Edit: If you are using C99 (default with the gnu c compiler i think?), you can do variable-length stack arrays like
int a = 4;
int b[a*a];
In the example you gave
int *numbers;
numbers = malloc ( sizeof(int) * 10 );
there are no explicit benefits. Though, imagine 10 is a value that changes at runtime (e.g. user input), and that you need to return this array from a function. E.g.
int *aFunction(size_t howMany, ...)
{
int *r = malloc(sizeof(int)*howMany);
// do something, fill the array...
return r;
}
The malloc takes room from the heap, while something like
int *aFunction(size_t howMany, ...)
{
int r[howMany];
// do something, fill the array...
// you can't return r unless you make it static, but this is in general
// not good
return somethingElse;
}
would consume the stack that is not so big as the whole heap available.
More complex example exists. E.g. if you have to build a binary tree that grows according to some computation done at runtime, you basically have no other choices but to use dynamic memory allocation.
Array size is defined at compilation time whereas dynamic allocation is done at run time.
Thus, in your case, you can use your pointer as an array : numbers[5] is valid.
If you don't know the size of your array when writing the program, using runtime allocation is not a choice.
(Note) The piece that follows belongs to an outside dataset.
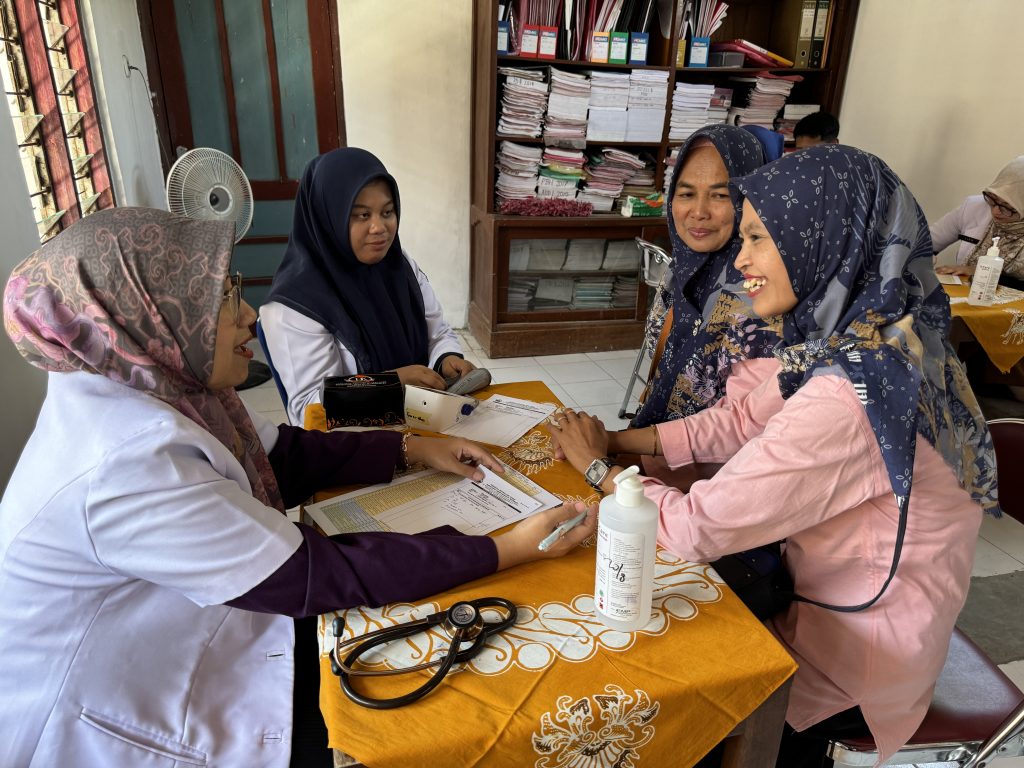 RSUD Dr. Moewardi Melaksanakan Penyuluhan & Skrining Kesehatan Bersama GMNI & Puskesmas Tawangsari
Otherwise, you're free to use an array, it might be simpler (less risk to forget to free memory for example)
Example:
to store a 3-D position, you might want to use an array as it's alwaays 3 coordinates
to create a sieve to calculate prime numbers, you might want to use a parameter to give the max value and thus use dynamic allocation to create the memory area
Array is used to allocate memory statically and in one go.
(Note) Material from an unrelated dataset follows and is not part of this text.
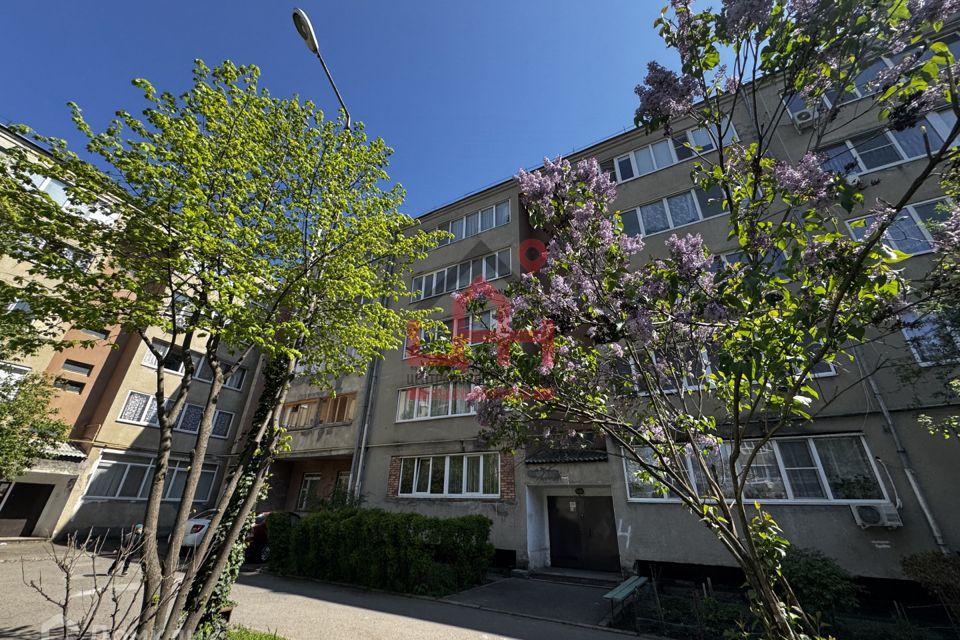 Продаётся 3-комнатная квартира, 70 м²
To allocate memory dynamically malloc is required.
e.g. int numbers[10];
This will allocate memory statically and it will be contiguous memory.
If you are not aware of the count of the numbers then use variable like count.
int count;
int *numbers;
scanf("%d", count);
numbers = malloc ( sizeof(int) * count );
This is not possible in case of arrays.
Dynamic does not refer to the access. Dynamic is the size of malloc. If you just use a constant number, e.g. like 10 in your example, it is nothing better than an array. The advantage is when you dont know in advance how big it must be, e.g. because the user can enter at runtime the size. Then you can allocate with a variable, e.g. like malloc(sizeof(int) * userEnteredNumber). This is not possible with array, as you have to know there at compile time the (maximum) size.